The primary uses of the IBCAO DTM have remained consistent since the initial release of Version 1.0. Therefore, the “Usage notes” for Version 5.0 closely resemble those of IBCAO 4.014. The most widespread applications include map-making and geospatial analyses using GIS software. The IBCAO products are not intended for use for navigation or any other purpose involving safety at sea. While as much care as possible has been taken to ensure the highest achievable quality of the IBCAO 5.0 DTM, there are always limits to how accurate and reliable the underlying data are. Visual analysis and quality control are performed on every dataset entered into the grid, though there are cases where the quality of the data is difficult to assess, particularly in regions with poor coverage. Furthermore, IBCAO 5.0 makes use of bathymetric data from a vast number of sources of different qualities, resolutions, and coverages, as well as interpolation of measured data between non-mapped grid cells and upsampling of data with a lower resolution than that of the published grid. Therefore, the accuracy of the IBCAO 5.0 DTM varies significantly depending on the underlying source data and its resolution, and we cannot guarantee that the Arctic seafloor is as accurately mapped as it may appear in the grid. In summary, the accuracy of the IBCAO 5.0 DTM cannot be guaranteed and the authors and contributors involved in its production and publication cannot accept responsibility for any resulting loss, injury, or damage arising from the use of the DTM.

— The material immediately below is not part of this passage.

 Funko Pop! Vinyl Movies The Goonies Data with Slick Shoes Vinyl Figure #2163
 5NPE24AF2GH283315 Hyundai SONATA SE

The Polar Stereographic coordinates can be converted to geographical positions using the GMT command mapproject with the following parameters:

mapproject [input_lonlat] -R-180/180/0/90 -Js0/90/75/1:1 -C -F > [output_ xy]where input_lonlat is a table with longitude and latitude geographic coordinates and output_xy is a table with the resulting converted xy Polar Stereographic coordinates. The inverse conversion from xy to geographical coordinates is achieved by adding -I to the command above.

The GDAL command gdaltransform can also be used to convert between the Polar Stereographic and geographic coordinates by calling for the EPSG codes 3996 and 4326 (WGS 84 geographic):

gdaltransform -s_srs EPSG:4326 -t_srs EPSG:3996

The inverse conversion is simply achieved by swapping the order of the EPSG codes.